Lance Newman is a professor of English and Environmental Studies at Westminster University in Salt Lake City. His best-known work is an edited collection, Grand Canyon Reader (University of California Press, 2011), and he has published an extensive list of scholarly books and articles, many of them about New England transcendentalists. Somewhat unusually for an academic administrator, he is also a poet. Knowing this pedigree is helpful in interpreting Proverbs of Earth, which is Newman’s first full-length book of poetry.
In Concision Poetry Journal, Newman describes this collection as “a manuscript of very short poems made from words that occur in Henry Thoreau’s Walden.” On his website, he says, “I usually work with found language and assemble it in traditional and invented forms.” It’s too bad that this background is not explained in the published book, since it clarifies how the poems arose, and makes them more interesting to read.
Because Thoreau lived in the 1860s, the language of Newman’s poems is noticeably old fashioned. One proverb begins:
Sometimes I peck at a poem
like a telegraph tapping
cash into the distance.
These days, people hardly use telegraphs, but we are nonetheless amused by Thoreau’s observation, “We are in great haste to construct a magnetic telegraph from Maine to Texas; but Maine and Texas, it may be, have nothing important to communicate.” What would Thoreau think of the idea that sending a poem is like sending money? He might approve, since he also wrote, “the cost of a thing is the amount of what I will call life which is required to be exchanged for it.” He did, after all, spend his own time writing poetry.
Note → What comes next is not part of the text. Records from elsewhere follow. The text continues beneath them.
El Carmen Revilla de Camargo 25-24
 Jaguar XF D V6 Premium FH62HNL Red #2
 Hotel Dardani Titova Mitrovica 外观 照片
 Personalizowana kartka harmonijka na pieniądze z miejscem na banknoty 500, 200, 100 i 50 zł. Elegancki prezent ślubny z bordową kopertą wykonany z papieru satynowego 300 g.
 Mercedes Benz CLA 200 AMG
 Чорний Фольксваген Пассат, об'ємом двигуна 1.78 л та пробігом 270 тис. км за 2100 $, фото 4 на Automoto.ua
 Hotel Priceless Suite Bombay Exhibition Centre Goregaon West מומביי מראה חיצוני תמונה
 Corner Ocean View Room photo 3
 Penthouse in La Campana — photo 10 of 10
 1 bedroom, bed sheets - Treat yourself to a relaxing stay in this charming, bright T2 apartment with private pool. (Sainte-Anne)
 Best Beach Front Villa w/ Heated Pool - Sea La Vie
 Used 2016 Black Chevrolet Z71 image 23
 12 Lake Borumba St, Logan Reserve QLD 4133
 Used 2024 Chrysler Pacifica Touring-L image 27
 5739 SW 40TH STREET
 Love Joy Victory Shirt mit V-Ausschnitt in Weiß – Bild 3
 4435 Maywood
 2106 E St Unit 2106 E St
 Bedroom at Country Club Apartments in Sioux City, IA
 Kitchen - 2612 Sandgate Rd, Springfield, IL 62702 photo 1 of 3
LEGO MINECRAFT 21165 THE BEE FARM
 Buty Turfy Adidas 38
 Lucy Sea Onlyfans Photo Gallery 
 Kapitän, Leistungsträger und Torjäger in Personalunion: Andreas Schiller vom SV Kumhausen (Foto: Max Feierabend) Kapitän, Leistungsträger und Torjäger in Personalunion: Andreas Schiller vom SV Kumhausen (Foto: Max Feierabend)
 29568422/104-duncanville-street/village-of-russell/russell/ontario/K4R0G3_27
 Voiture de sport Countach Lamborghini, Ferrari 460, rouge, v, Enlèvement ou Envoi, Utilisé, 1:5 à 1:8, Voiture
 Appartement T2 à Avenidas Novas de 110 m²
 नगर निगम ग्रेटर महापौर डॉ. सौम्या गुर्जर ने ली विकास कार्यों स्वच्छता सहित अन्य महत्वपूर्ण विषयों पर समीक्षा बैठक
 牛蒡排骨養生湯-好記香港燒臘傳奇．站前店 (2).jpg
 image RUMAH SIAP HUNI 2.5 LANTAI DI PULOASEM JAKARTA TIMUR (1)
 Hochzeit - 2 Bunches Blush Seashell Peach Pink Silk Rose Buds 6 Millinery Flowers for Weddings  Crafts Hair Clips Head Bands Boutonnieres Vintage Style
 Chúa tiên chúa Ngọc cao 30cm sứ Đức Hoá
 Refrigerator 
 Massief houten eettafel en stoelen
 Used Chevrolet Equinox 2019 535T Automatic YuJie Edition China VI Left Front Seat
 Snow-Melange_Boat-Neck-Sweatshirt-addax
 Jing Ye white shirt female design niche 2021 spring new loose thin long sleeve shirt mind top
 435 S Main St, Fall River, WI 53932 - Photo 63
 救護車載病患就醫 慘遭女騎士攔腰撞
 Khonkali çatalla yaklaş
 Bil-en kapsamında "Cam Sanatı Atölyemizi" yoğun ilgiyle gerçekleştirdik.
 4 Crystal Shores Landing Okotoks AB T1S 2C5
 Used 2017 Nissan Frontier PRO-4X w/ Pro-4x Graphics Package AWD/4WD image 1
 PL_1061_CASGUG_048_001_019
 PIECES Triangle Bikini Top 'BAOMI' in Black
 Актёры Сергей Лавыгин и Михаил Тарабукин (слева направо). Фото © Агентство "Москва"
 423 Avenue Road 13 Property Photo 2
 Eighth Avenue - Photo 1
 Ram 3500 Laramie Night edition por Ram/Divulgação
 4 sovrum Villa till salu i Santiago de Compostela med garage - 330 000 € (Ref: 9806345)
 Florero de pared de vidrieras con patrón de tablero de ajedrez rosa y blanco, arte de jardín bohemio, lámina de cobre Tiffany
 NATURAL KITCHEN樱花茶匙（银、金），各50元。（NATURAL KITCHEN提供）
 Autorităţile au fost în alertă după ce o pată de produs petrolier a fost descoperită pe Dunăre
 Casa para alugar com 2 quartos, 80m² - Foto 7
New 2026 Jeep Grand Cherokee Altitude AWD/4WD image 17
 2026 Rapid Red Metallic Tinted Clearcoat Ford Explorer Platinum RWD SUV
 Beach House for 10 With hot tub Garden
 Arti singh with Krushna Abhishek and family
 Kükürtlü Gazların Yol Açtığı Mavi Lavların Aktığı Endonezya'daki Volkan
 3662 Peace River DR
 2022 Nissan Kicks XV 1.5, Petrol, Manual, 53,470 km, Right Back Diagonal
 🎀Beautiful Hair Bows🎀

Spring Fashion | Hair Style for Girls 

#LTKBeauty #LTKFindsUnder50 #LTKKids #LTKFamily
This is the trick that makes Newman’s poems work. By using Thoreau’s words to construct new poems, the proverbs remind the reader of “Walden” without directly quoting “Walden,” and thereby open space to conjure new meanings and connections. The process of reconfiguring archaic words connects the past to an immediate present. In this sense, Newman’s work does not quite stand alone because it assumes familiarity with Thoreau’s ideas as a starting point. At the same time, a proverb is specifically a short, pithy statement to convey advice and wisdom, and some of this wisdom derives from a process that pays deep respect to the original. These poems are at heart about the life-changing influence of reading and absorbing Thoreau’s words.
Newman’s own voice occasionally comes through in lines such as these,
I crave the rattle of sun
lighting a rift in the wall.
Can I grasp a universe
that’s true to ringing hills?
That sounds a lot like a Grand Canyon river guide. However, throughout this work the first person “I” seems not meant to be the poet or Thoreau, but embraces the reader. These bite-sized poems aren’t as strongly opinionated as Thoreau’s writing, but they are a lovely and thoughtful homage to his worldview. In their own way, they have something to say about how to live deliberately.
Proverbs of Earth
Lance Newman
Spuyten Duyvil Publishing
2025
80 pp.
Amy Brunvand is an award-winning poet and an associate librarian at the Marriott Library at the University of Utah.